[PATCH 4.18 37/79] x86/KVM/VMX: Add L1D flush algorithm

From: Greg Kroah-Hartman
Date: Tue Aug 14 2018 - 13:27:48 EST


4.18-stable review patch. If anyone has any objections, please let me know.

------------------

From: Paolo Bonzini <pbonzini@xxxxxxxxxx>

To mitigate the L1 Terminal Fault vulnerability it's required to flush L1D
on VMENTER to prevent rogue guests from snooping host memory.
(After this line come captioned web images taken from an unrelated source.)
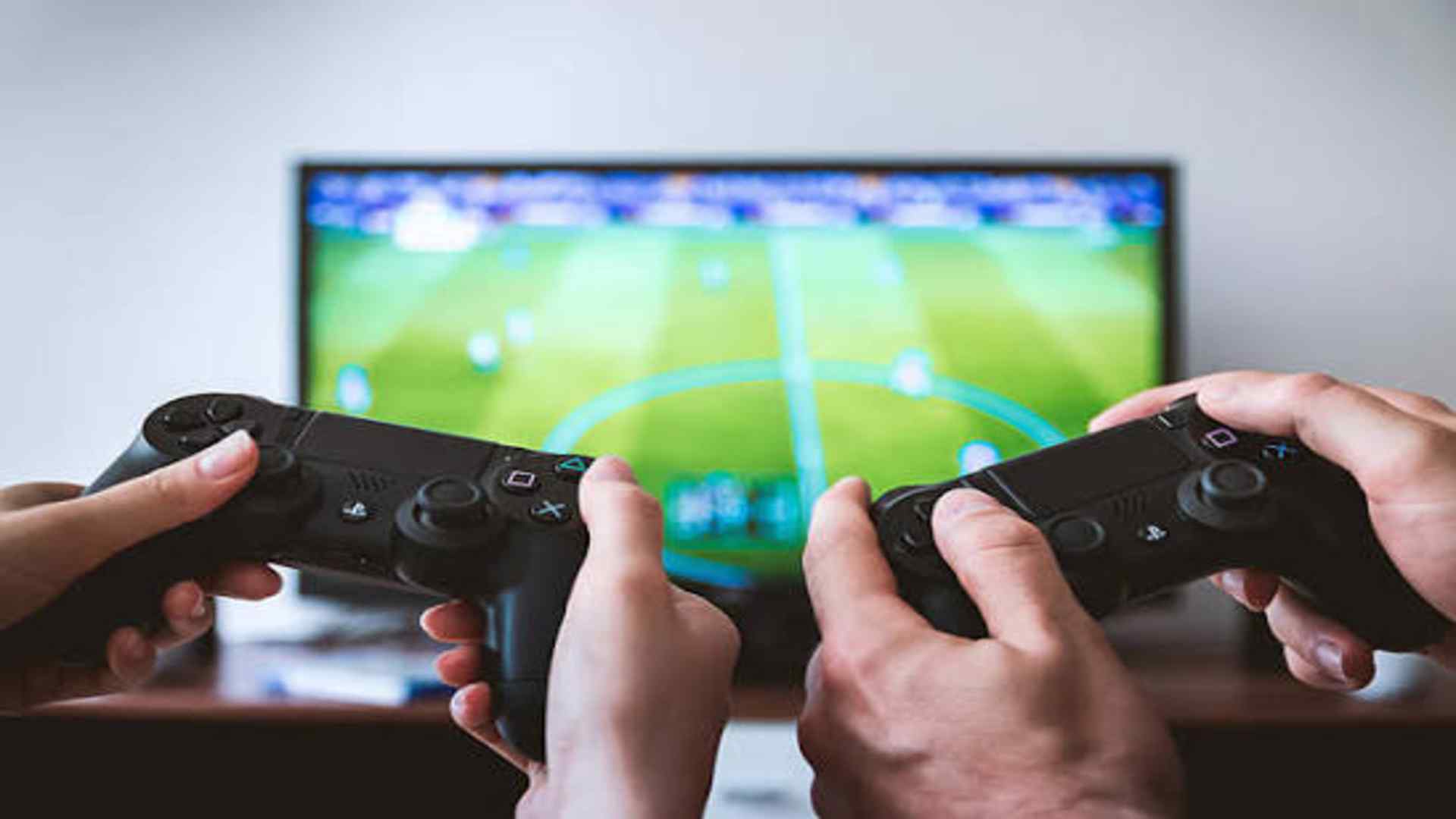 Is Back 4 Blood Split Screen And Local Multiplayer Support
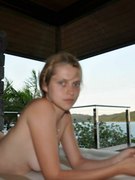 Teresa Palmer nude 2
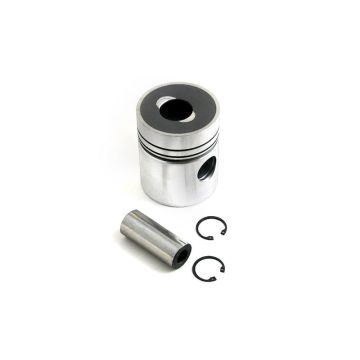 Piston for Perkins 68814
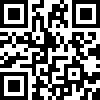https://isna.ir/xdFdQP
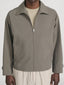 jacket-front-crop-image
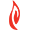 Cotronics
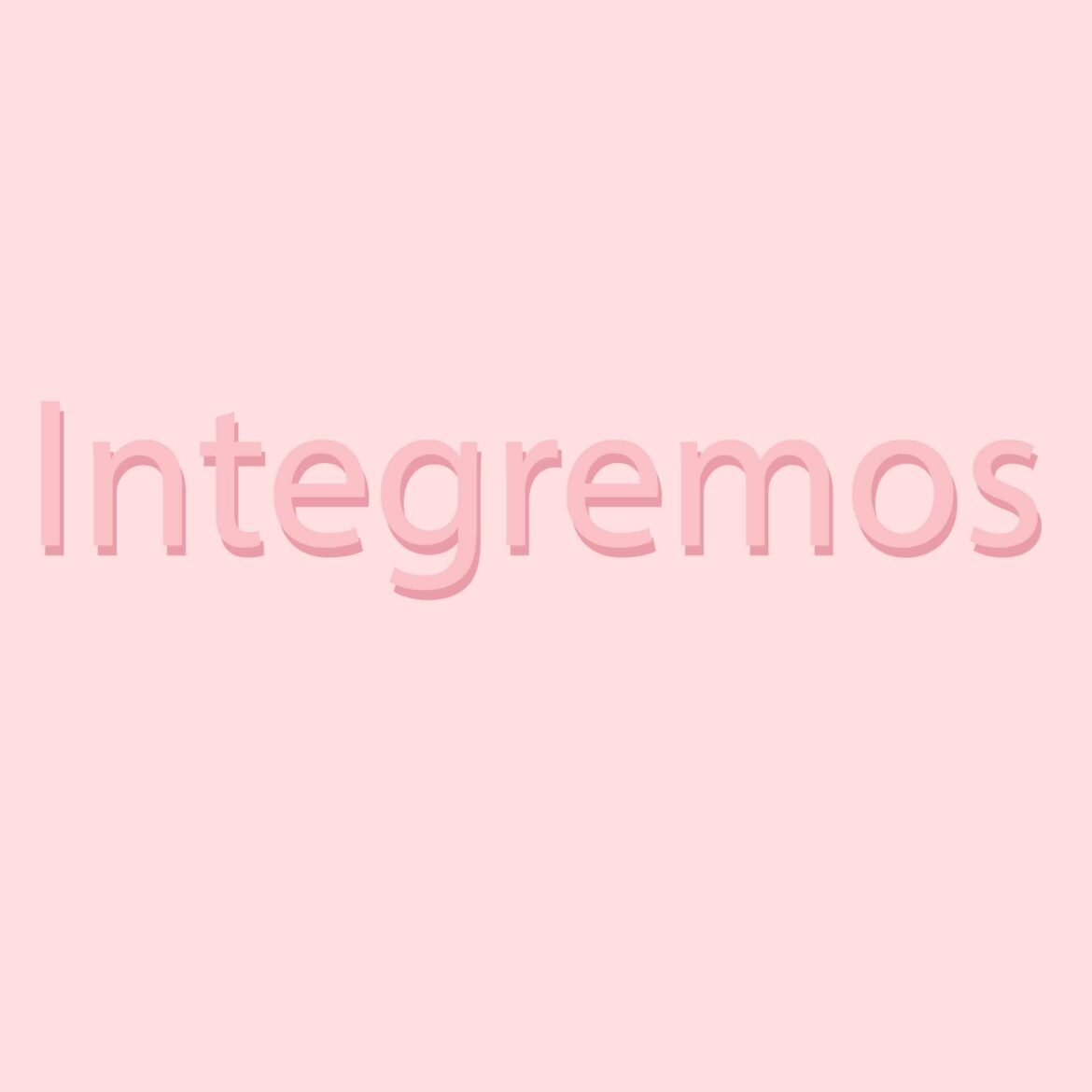 Integremos: The Ultimate Tech Blog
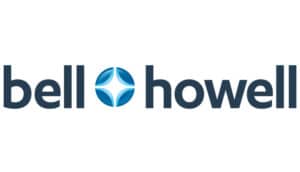 Bell and Howell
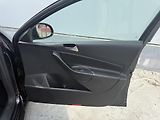 Volkswagen Passat (2009) 2.0 TDI Sportline  - náhled 16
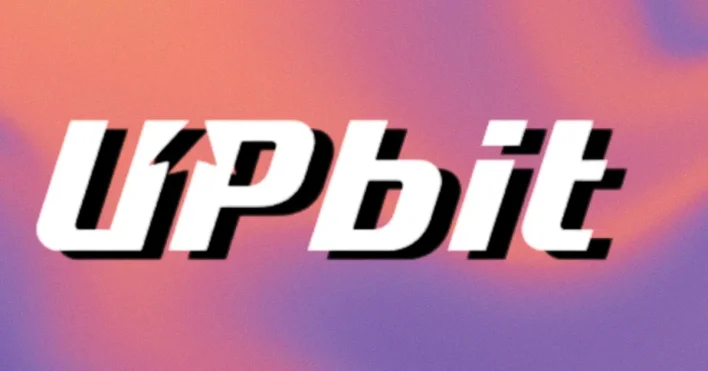 Upbit to List Optimism (OP) Trading Pairs with KRW, BTC, and USDT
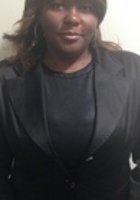 New York City, NY French tutor Inrich New York City, NY French tutor Inrich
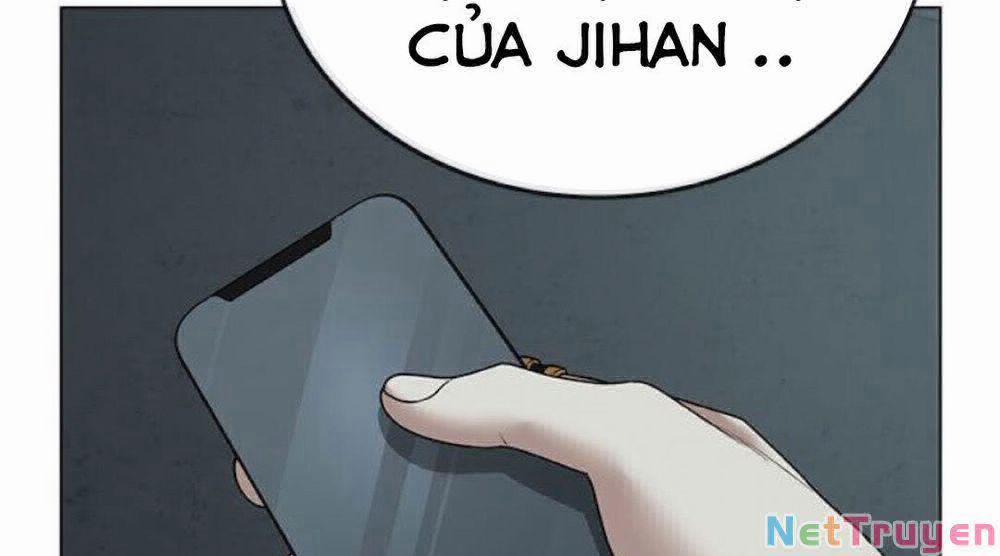 Nhiệm Vụ Đời Thật 32 trang 285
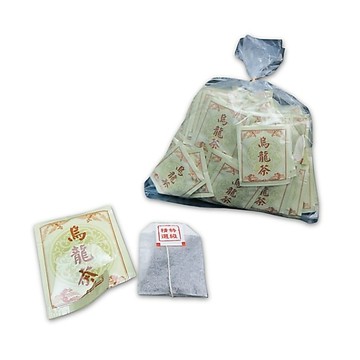 全祥茶莊 凍頂/香片 茶包 100入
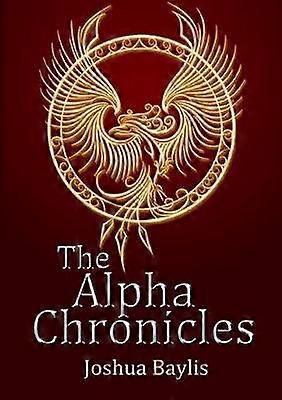 The Alpha Chronicles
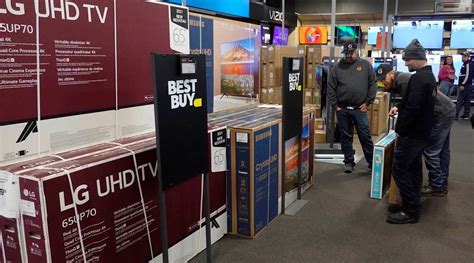 新加坡楷博高等教育學(xué)院申請服務(wù)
CPUs will have a new control MSR via a microcode update to flush L1D with a
single MSR write, but in the absence of microcode a fallback to a software
based flush algorithm is required.

Add a software flush loop which is based on code from Intel.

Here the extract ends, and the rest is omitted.